David Vogel, Council
University of California, Berkeley

David Vogel, University of California, Berkeley
Council 2004-06

David Vogel is professor in the department of political science and the Haas School of Business at the University of California, Berkeley. He received his Ph.D. from the department of politics at Princeton University and has taught at Berkeley since 1973. Vogel's research focuses on business-government relations, business political activity, and government regulation. He has made contributions to the fields of American politics, comparative politics, and international political economy.

Vogel's books include Lobbying the Corporation: Citizen Challenges to Business Authority (Basic Books, 1978); National Styles of Regulation: Environmental Policy in Great Britain and the United States (Cornell, 1986); Fluctuating Fortunes: The Political Power of Business in America (Basic Books, 1989); Trading Up: Consumer and Environmental Regulation in a Global Economy (Harvard 1995); Kindred Strangers: The Uneasy Relationship Between Business and Politics in America (Princeton, 1996); and Benefits or Barriers? Regulation in Transatlantic Trade (Brookings, 1998). He is also co-editor (with Robert Kagan) of The Dynamics of Regulatory Change: How Globalization Affects National Regulatory Policies (UC Press, 2004). Vogel has also published more than 50 scholarly articles and essays.

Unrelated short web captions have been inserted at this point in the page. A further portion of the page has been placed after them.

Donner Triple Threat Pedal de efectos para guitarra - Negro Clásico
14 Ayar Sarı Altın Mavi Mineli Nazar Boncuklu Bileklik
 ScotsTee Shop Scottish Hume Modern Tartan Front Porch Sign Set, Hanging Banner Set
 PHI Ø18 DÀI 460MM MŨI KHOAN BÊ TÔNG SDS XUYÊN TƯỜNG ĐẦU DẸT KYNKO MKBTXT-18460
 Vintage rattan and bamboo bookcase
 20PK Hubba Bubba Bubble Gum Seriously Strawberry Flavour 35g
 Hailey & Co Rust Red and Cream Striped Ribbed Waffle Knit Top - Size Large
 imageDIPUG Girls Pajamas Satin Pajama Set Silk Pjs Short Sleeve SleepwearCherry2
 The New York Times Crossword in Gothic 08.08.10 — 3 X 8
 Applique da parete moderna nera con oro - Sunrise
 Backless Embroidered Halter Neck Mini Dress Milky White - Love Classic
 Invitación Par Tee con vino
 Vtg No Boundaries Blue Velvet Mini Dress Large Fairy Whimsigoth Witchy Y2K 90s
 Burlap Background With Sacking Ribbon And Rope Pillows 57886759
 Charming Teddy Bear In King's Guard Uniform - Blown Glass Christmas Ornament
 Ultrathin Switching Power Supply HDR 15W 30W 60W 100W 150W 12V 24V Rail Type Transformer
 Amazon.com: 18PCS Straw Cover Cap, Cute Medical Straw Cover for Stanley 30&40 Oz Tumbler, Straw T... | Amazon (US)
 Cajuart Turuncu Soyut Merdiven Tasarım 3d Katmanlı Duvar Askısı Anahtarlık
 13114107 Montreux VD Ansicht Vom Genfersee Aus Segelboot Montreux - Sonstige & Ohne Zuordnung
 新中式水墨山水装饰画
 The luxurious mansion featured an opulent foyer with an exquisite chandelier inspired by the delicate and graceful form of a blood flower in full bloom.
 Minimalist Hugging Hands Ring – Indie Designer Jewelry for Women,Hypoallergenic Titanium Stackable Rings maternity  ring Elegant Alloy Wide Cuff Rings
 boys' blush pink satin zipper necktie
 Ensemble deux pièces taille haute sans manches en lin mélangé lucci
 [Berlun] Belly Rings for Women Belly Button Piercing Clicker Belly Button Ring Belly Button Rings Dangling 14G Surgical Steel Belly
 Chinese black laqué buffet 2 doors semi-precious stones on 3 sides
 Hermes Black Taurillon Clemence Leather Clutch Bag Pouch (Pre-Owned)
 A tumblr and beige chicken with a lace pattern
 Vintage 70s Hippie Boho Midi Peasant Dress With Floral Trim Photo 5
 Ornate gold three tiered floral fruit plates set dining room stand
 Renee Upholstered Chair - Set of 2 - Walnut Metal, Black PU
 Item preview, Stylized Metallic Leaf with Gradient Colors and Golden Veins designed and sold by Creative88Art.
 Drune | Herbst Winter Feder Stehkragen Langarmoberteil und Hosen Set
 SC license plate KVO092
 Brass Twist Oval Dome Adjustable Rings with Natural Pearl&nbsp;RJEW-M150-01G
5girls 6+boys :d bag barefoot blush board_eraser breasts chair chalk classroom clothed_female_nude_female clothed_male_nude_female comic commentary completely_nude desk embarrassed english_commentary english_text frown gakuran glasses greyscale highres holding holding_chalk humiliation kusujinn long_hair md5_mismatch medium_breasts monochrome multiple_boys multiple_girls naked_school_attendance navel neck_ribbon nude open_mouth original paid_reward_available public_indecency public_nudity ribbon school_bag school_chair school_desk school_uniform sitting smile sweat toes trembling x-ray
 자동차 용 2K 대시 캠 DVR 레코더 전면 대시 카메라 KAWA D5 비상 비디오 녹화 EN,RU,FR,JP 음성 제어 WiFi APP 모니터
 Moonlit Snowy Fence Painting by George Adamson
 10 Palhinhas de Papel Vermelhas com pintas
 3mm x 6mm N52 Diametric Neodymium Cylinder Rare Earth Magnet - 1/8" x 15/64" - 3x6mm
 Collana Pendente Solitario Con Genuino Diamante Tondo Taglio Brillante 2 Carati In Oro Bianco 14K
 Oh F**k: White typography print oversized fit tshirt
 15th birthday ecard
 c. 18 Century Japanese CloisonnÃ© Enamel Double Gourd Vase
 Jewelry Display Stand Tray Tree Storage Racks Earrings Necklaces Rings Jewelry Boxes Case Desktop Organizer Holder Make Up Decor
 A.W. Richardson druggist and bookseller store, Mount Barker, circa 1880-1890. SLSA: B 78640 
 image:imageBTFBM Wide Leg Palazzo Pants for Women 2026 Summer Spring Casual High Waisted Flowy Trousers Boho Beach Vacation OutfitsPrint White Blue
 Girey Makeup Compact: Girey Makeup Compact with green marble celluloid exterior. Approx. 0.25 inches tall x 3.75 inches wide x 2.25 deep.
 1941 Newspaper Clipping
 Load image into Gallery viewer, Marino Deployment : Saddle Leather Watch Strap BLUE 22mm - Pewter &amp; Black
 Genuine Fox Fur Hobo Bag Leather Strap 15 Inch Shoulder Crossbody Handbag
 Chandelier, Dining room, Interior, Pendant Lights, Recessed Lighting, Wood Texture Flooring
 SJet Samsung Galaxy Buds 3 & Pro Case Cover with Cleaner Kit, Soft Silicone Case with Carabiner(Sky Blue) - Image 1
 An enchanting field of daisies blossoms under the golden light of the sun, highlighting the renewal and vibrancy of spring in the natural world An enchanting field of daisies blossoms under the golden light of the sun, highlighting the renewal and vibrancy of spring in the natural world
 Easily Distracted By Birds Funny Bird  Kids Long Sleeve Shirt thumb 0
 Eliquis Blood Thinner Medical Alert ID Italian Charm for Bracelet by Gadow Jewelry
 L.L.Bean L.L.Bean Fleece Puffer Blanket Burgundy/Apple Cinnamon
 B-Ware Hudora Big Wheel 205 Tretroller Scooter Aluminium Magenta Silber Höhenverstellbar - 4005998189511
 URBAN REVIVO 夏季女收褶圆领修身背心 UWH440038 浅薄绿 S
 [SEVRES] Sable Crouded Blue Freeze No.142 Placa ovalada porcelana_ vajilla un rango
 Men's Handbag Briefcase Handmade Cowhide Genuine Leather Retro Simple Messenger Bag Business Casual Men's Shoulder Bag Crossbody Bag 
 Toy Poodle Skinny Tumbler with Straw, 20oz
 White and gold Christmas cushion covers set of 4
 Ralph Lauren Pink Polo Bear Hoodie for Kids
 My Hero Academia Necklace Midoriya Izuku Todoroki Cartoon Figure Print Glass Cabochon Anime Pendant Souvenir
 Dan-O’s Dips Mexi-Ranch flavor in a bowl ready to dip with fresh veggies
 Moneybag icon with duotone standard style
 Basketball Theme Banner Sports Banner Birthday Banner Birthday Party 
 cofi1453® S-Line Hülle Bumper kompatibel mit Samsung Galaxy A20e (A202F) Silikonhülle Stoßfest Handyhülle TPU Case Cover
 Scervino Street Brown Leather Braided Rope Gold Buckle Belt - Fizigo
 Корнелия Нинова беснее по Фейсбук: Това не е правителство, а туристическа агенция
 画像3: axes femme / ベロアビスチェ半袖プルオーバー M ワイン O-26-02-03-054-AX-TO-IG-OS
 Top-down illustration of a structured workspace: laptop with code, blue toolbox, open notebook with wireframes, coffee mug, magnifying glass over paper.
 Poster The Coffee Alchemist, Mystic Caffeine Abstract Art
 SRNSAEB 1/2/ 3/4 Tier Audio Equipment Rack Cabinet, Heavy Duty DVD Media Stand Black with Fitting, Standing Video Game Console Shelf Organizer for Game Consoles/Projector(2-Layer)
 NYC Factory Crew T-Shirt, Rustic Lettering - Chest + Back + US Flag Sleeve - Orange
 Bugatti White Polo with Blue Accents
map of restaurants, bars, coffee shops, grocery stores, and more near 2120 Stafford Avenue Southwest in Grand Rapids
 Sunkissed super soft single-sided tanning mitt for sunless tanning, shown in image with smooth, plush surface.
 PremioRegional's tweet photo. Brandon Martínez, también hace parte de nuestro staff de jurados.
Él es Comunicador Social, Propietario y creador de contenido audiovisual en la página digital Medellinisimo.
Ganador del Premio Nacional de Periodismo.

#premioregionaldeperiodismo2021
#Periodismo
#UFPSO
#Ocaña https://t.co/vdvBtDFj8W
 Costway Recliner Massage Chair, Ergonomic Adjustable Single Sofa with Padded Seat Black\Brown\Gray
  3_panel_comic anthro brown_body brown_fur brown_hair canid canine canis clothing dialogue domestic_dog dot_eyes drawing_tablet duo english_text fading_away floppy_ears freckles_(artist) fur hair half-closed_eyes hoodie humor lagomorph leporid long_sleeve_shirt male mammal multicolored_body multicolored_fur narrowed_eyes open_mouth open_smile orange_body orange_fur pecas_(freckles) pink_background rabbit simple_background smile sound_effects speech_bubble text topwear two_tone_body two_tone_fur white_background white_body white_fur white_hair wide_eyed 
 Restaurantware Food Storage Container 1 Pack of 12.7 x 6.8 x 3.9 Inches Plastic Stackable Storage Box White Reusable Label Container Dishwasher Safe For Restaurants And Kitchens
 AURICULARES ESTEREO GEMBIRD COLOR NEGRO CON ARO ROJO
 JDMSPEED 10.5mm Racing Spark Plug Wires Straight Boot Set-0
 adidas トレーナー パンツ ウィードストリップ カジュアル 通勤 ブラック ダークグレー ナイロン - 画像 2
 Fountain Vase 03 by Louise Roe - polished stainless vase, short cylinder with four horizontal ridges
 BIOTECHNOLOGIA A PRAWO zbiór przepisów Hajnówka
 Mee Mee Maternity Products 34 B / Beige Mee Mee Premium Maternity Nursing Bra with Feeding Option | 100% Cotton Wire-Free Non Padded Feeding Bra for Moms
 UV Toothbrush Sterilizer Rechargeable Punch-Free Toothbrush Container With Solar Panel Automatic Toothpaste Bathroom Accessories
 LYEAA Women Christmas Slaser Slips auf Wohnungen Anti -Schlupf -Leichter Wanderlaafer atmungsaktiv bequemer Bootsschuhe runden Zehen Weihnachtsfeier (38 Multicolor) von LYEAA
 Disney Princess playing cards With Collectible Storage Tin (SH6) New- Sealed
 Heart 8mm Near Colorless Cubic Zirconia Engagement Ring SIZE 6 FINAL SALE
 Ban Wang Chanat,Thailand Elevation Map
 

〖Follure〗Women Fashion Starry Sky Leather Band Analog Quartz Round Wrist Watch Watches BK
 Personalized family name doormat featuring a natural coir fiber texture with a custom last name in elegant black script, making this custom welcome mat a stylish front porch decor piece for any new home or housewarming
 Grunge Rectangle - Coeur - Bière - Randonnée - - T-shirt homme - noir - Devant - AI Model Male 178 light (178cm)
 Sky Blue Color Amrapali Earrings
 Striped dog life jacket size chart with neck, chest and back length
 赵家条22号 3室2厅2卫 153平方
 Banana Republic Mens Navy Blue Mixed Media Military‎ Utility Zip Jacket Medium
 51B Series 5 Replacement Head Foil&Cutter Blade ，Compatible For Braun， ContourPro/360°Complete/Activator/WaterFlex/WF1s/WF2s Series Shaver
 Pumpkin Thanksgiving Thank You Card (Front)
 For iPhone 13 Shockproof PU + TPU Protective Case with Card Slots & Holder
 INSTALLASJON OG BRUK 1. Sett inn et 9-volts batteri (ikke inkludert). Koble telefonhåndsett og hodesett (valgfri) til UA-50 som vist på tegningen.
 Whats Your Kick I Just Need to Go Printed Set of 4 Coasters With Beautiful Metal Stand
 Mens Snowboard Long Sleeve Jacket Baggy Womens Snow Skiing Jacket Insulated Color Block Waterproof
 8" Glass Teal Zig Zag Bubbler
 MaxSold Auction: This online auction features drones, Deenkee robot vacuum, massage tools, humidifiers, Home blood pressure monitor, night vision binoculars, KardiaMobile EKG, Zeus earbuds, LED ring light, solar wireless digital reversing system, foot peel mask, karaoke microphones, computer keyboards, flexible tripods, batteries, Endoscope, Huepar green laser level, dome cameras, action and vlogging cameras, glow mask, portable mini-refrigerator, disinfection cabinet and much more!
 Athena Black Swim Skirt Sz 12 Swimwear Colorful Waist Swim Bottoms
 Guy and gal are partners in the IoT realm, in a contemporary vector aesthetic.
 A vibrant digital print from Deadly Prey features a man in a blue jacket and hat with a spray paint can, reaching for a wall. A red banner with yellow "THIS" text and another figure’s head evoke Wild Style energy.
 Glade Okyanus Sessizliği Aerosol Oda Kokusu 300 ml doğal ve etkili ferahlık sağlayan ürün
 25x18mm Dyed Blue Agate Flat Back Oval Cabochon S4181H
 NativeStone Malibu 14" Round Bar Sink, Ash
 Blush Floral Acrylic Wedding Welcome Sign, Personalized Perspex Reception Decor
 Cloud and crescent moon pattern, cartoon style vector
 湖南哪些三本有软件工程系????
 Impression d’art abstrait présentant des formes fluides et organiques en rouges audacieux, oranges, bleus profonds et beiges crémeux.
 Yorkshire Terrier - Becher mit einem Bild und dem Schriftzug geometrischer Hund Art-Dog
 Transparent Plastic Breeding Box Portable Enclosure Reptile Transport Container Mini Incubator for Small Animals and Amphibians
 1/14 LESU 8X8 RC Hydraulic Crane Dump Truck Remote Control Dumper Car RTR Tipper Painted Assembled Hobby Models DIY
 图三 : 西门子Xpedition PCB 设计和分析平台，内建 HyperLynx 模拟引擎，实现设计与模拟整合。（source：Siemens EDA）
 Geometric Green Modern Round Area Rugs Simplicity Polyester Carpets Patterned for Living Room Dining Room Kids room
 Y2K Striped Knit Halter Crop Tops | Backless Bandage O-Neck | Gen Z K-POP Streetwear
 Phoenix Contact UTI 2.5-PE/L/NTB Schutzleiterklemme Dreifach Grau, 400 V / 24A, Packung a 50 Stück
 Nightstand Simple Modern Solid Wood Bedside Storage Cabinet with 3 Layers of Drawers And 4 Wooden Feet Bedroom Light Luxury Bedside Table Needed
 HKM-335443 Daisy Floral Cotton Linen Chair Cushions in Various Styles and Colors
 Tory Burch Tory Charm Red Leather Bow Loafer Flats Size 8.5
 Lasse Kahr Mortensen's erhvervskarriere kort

He is currently working with Chris Ansell on an edited volume on food safety regulation in Europe as a case-study of contested governance, (MIT Press, forthcoming), and a monograph comparing changes in risk regulation in the United States and the European Union. Vogel is also writing a study of the potential and limitations of corporate social responsibility.

He has served on the editorial boards of the Journal of Policy History, Political Research Quarterly, Business and Politics, Business Ethics Quarterly, and the Journal of Public Affairs. Since 1982, he has edited the California Management Review.

Vogel has served on six award committees for the APSA and the History and Politics Section and as program co-chair for the History and Politics Section. He has held the Jean Monnet Chair and the BP Chair in Transatlantic Relations at the European University Institute and been a visiting professor at INSEAD, Sciences Po, the Bren School of Environmental Management, and the Hebrew University.